Juliana Stone is an author who is familiar with the hearts and minds of teens. Her newest YA novel, Some Kind of Normal, deals with the after effects of a drunken driving incident chronicled in her previous book, Boys Like You. Here is Trevor Lewis, whose life has been turned upside down after a car accident in his Junior Year in High School. He’s missed some of his Senior Year due to the resulting coma and has to live with the after effects of a Traumatic Brain Injury (TBI) which includes difficulty with simple tasks, such as playing the guitar and getting the words out properly. Issues which he tries to keep secret from the world. To make matters worse, Trevor must pass his Government Class in order to graduate. His summer tutor, Everly Jenkins, has issues of her own. On the outside her life is in perfect harmony, smart and pretty with the perfect home and parents. As a preacher’s daughter her life seems flawless, yet she too has been carrying a secret for over a year. A secret which could tear her family apart if revealed. These two injured teens find comfort just in the fact of knowing there is someone else out there struggling with obstacles beyond their control to repair. Despite their instant attraction to one another, the author slowly builds up to the point where they are able to verbalize their feelings.
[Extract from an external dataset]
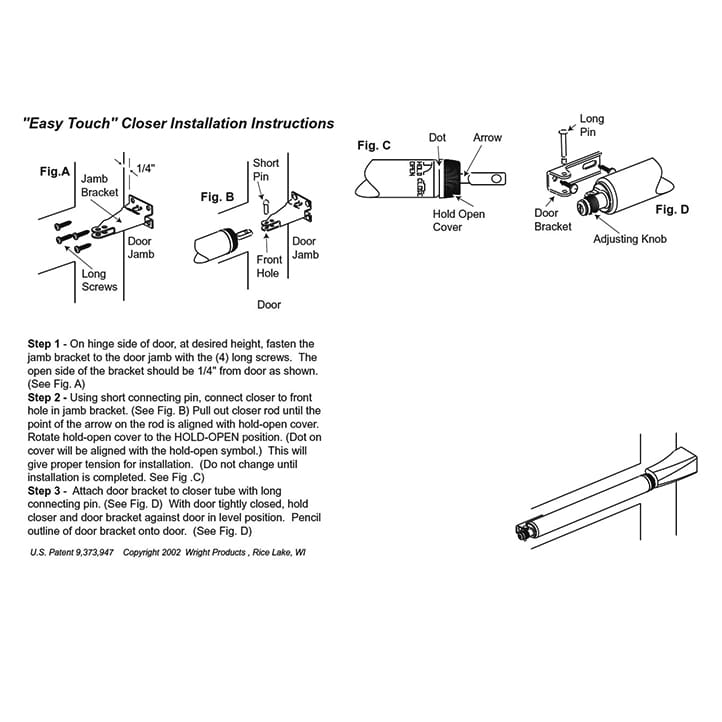 Easy Touch Pneumatic Storm Door Closer - Easy Touch Pneumatic Storm Door Closer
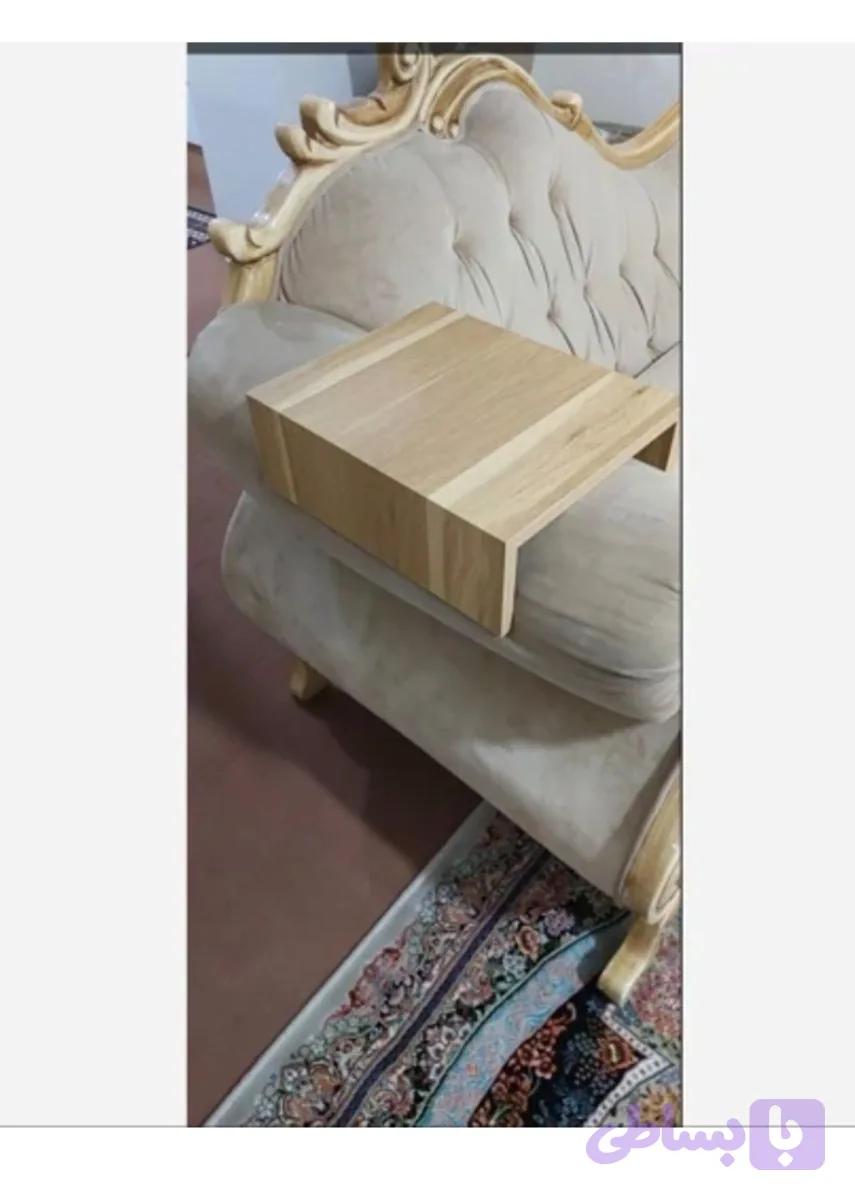 میز عسلی و کنار مبلی روی دسته مبل کمجا MDF مدرن | میز کاربردی کنار مبل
The relationship is not a smooth one, as each feels unworthy due to their perceived inner flaws. It is halfway through the novel before they are able to find comfort in each other’s arms. Although Trevor has never had trouble finding a hook up, he realizes that Everly is someone special and is willing to wait until she is ready to take the relationship to the next level. Everly is unsure of her emotions, and is torn between her desires and whether she is ready to fully commit to Trevor. Both teens must work through their demons before they can become a couple. Parents, siblings, and friends play a major role in the story, sometimes making life easier and sometimes worse. When circumstances lead to devastation in both of their lives, their reactions have repercussions which threaten their friendship. In the end, Trevor and Everly must accept “some kind of normal” to replace their past expectations and accept the reality of the new norm. A tender love story of teens left to face some harsh issues at a young age.

This is a romantic story suitable for Middle and High School students, although older readers will enjoy the book as well. When Trevor and Everly finally kiss, you could audibly hear the “ahhh!”. Not only is it beautifully written, but the dialogue is witty and the author paints a visual picture that is easy for the mind to capture, plus the characters’ behaviors ring true. Trevor and Everly take turns advancing the plot by telling their version of events. No one is perfect and the answers to the various dilemmas are not readily available. While there are problems to deal with, the reader has not been invited to a pity party. Don’t expect a fairy tale, happily ever after ending, but a realistic look at people moving forward with their lives in spite of their individual issues. Four stars.

I would like to sincerely thank Netgalley and Sourcebooks Fire for the opportunity to read this ARC in exchange for an honest review.